Personal information
- Full name: Elio Nicolas Firmino
- Date of birth: 30 January 2001 (age 24)
- Place of birth: Mantena, Brazil
- Height: 1.80 m (5 ft 11 in)
- Position: Midfielder

Team information
- Current team: Lexington SC
- Number: 8

Youth career
- 2014–2018: New England Revolution

Senior career*
- Years: Team / Apps / (Gls)
- 2018–2020: New England Revolution / 0 / (0)
- 2019: → Hartford Athletic (loan) / 0 / (0)
- 2020: New England Revolution II / 16 / (4)
- 2021: Union Omaha / 24 / (2)
- 2022–2024: Atlanta United 2 / 81 / (22)
- 2023–2024: → Atlanta United (loan) / 3 / (1)
- 2022–2024: Atlanta United / 5 / (0)
- 2023–2024: → Atlanta United 2 (loan) / 19 / (3)
- 2025–: Lexington SC / 30 / (3)

= Nicolas Firmino =

Brazilian footballer (born 2001)

Elio Nicolas Firmino de Araujo (born 30 January 2001), known as Nick Firmino, is a Brazilian footballer who plays as a midfielder for USL Championship club Lexington SC.

==Career==
===New England Revolution===
In November 2018, Firmino signed a Homegrown Player Contract with the New England Revolution.

Firmino was loaned to the team's USL League One side New England Revolution II for the 2020 season. He made his pro debut on July 25, 2020 against Union Omaha, playing the full game.
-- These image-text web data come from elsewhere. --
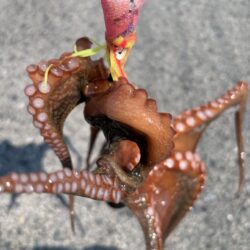 少々、渋め!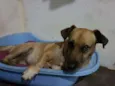 Amarelinho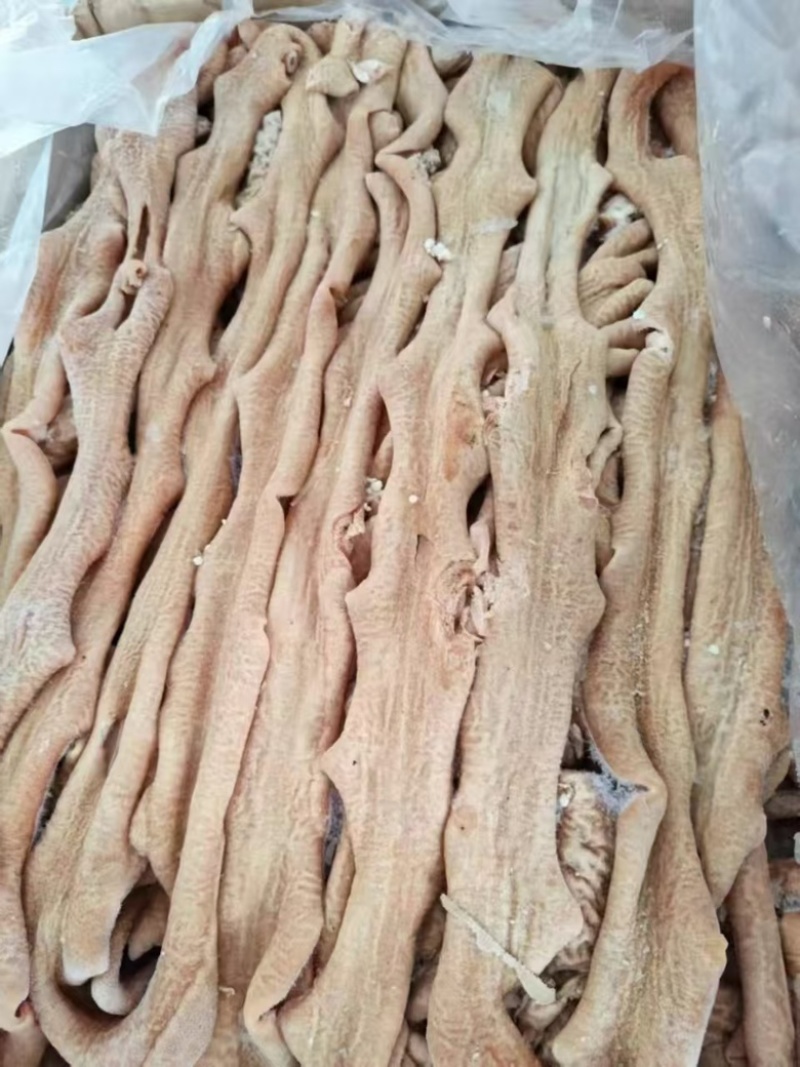 精品牛小肠，无异味，品质有保障，价格优惠需要联系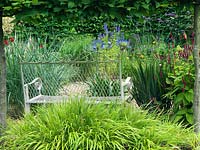 An ornate metal seat under a pleached hornbeam hedge that frames a view of a gravel garden. Verbena bonariensis, Agapanthus, Persicaria, Agastache and Crocosmia are planted.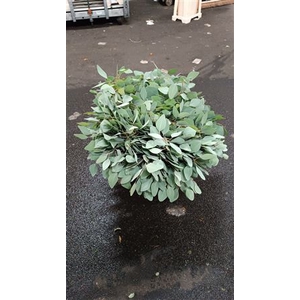 EUC. POPULUS SHORT 400 GR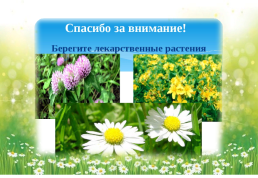 Лекарственные растения Южного Урала!, слайд 15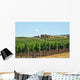Vineyards Chianti-tuscany
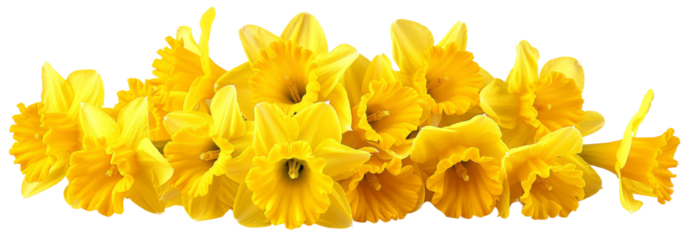 A beautiful arrangement of vibrant yellow daffodils in full bloom, showcasing their bright petals and natural elegance, set against a clean background. cut out. PNG. transparent background.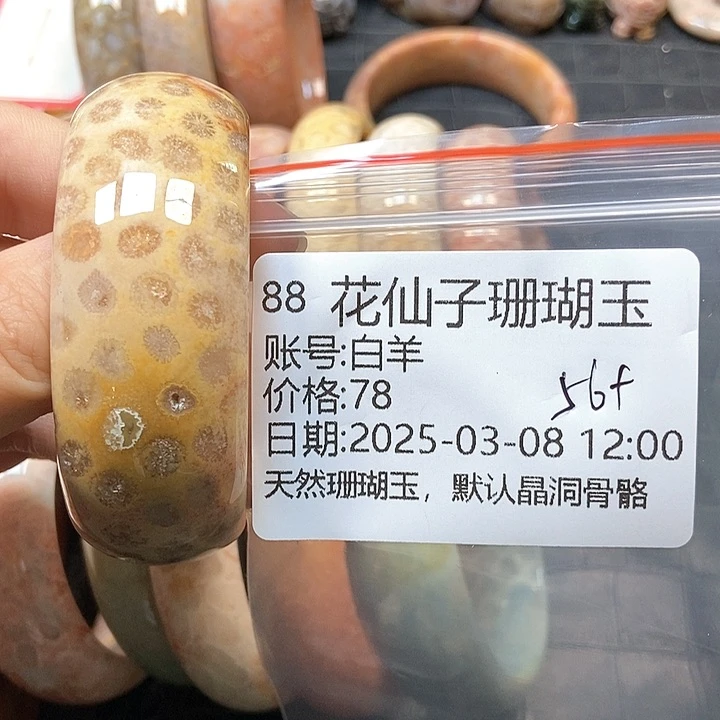 硅化珊瑚（珊瑚玉）手镯未镶嵌白*88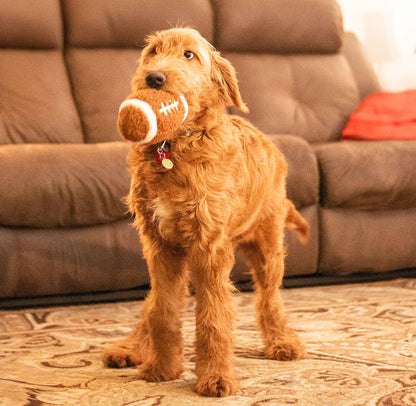Thoozy Football Plush 6.5in
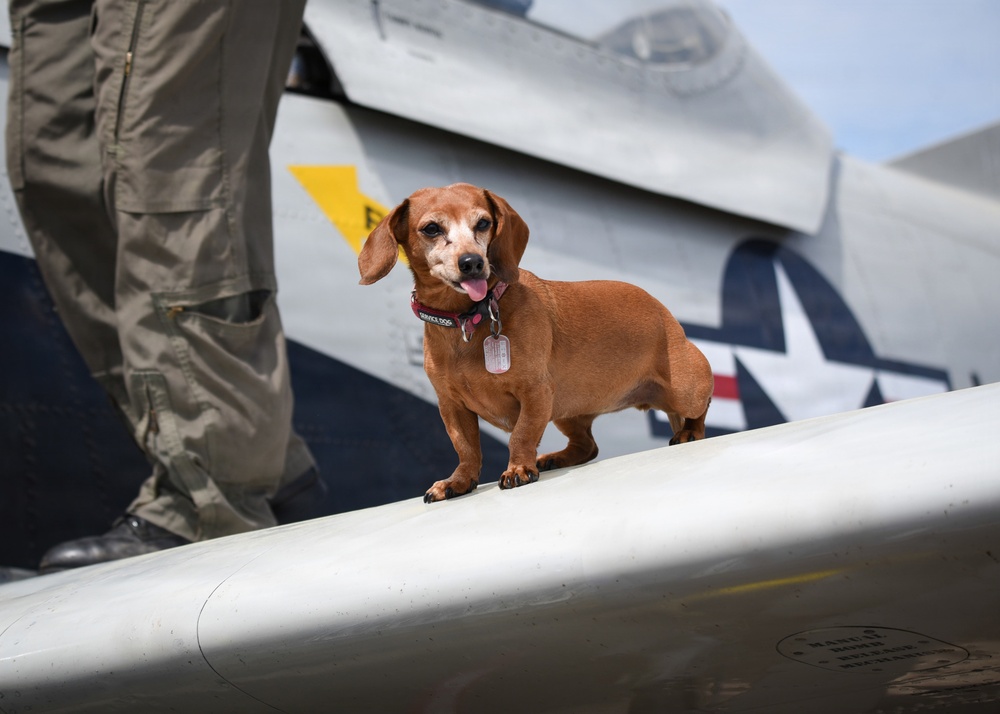 Wings Over Meridian 2026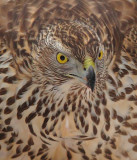 Goshawk 9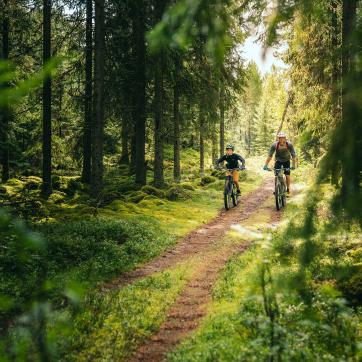 Two people cycling along a forest trail.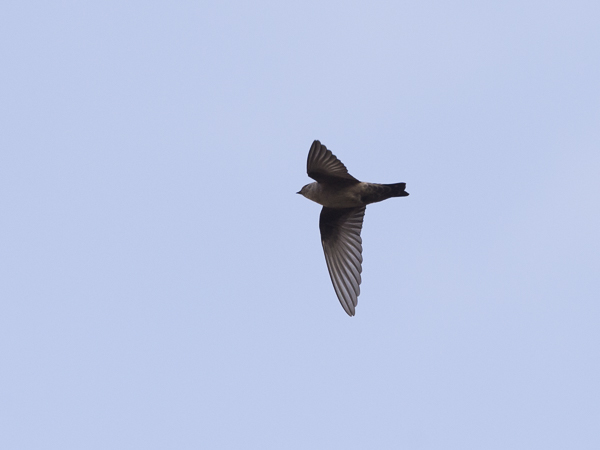 Kalliopääsky, Eurasian Crag Martin, Ptyonoprogne rupestris
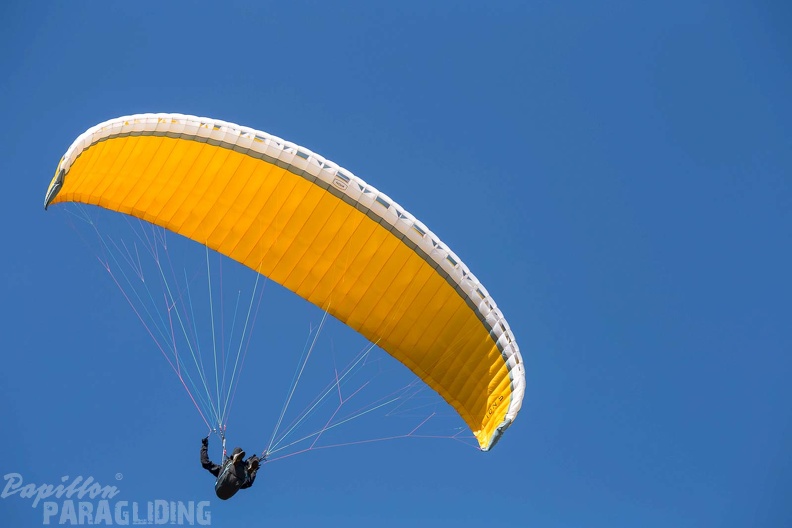 fgp9.20_papillon_griechenland-paragliding-123.jpg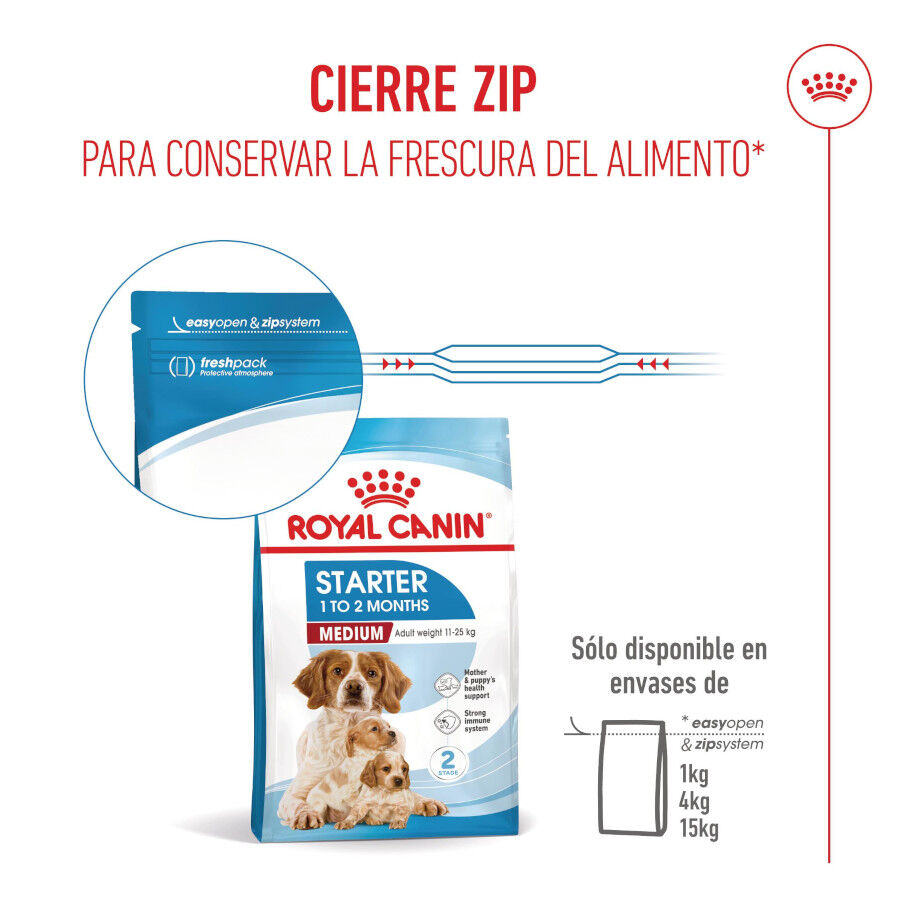 15 kg Royal Canin Medium Starter Mother&Baby ra&ccedil;&atilde;o para c&atilde;es, , large Imagem n&uacute;mero 10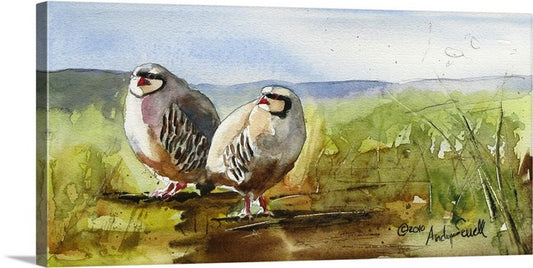 "Huddling up" 20x10" -A signed Giclee art print  from an Original watercolor of 2 chukars in a huddle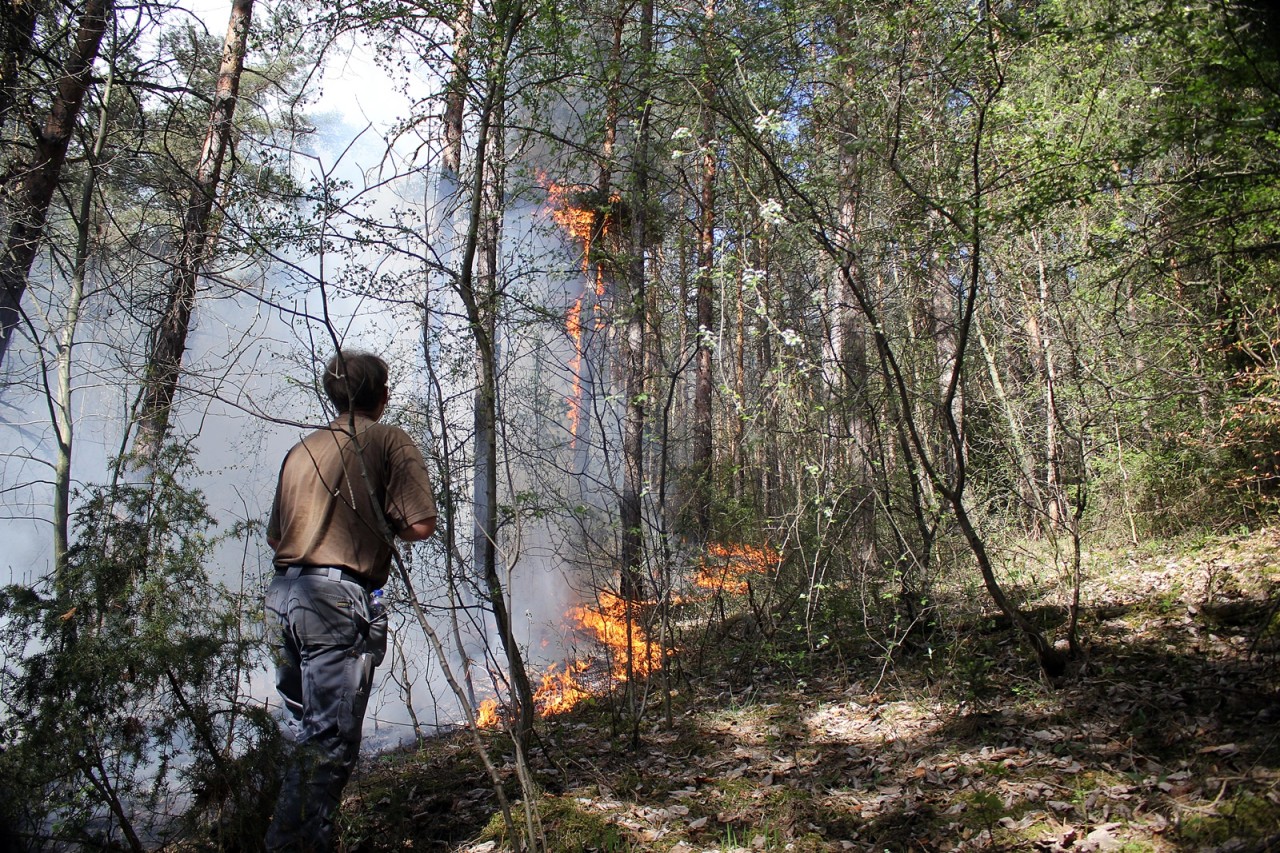 Flammen greifen in einem Wald bei Plaue um sich.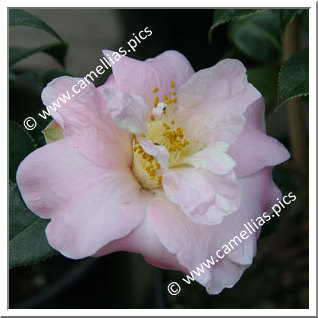 Camellia Hybrid C.x williamsii 'Marjorie Waldegrave'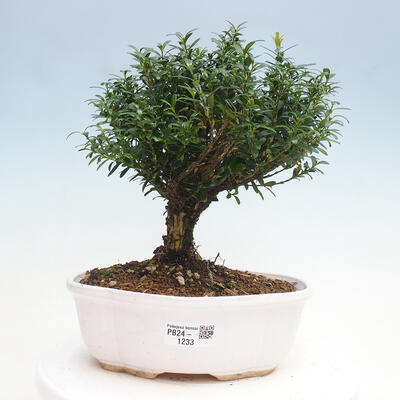 Izbová bonsai - Buxus harlandii - korkový buxus - 1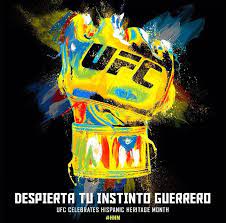 Logo and identity • movie logo design. 9 Ufc Ideas Ufc Mma Mma Fighters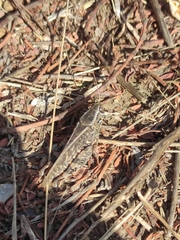 Calliptamus italicus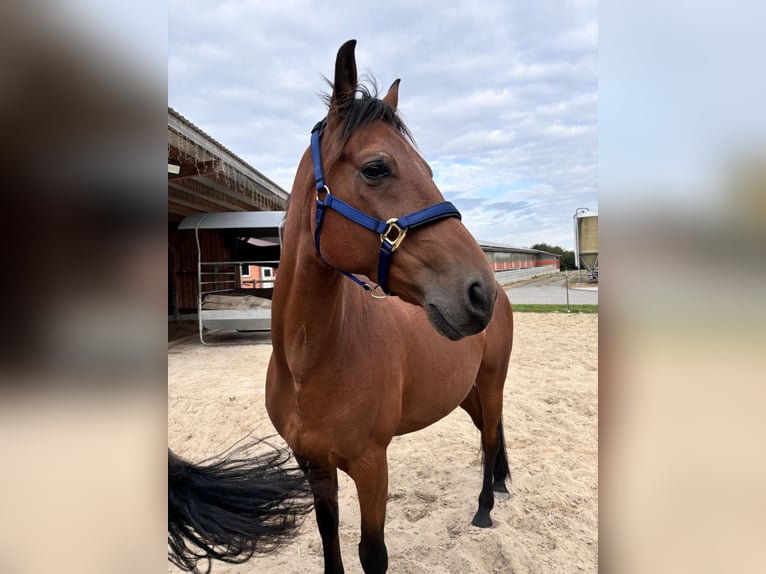 German Trotter Gelding 9 years 16 hh Chestnut in Bohmte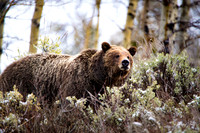 Grizzly1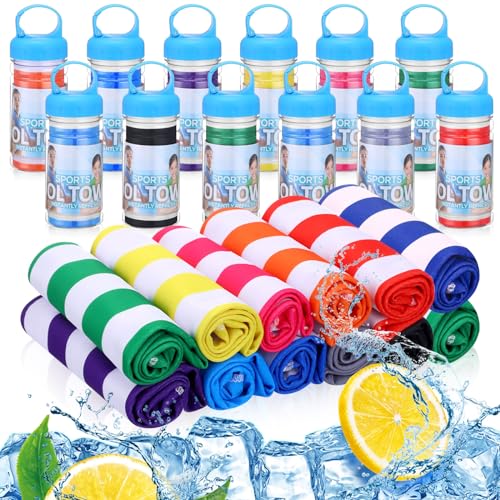 Hosuly 12 Pack 32 x 12 in Cooling Towels Bulk for Neck and Face Microfiber Ice Towel Sweat Towels Breathable Soft Chilly Towel Portable Cool Neck Rags for Sport Gym Workout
He scored his first professional goal on August 15 in a 3-3 draw with North Texas SC.

Following the 2020 season, New England opted to release Firmino.

===Union Omaha===
In April 2021, Firmino joined USL League One side Union Omaha ahead of the 2021 season.

===Atlanta United 2===
On 3 March 2022, Firmino moved to USL Championship side Atlanta United 2. On March 23, 2023, Firmino signed a short-team deal with Atlanta United FC ahead of their MLS fixture with Columbus Crew. On June 21, 2023, Firmino was signed to a short-term deal with Atlanta United FC ahead of their match with New York City FC. Firmino would make his MLS debut when he was subbed on in the 87th minute. He would go on to score in the 90+5' to pull Atlanta United FC level in the match that would end in a 2-2 draw.

===Lexington SC===
On 6 January 2025, Firmino joined Lexington SC ahead of the club's first season competing in the USL Championship.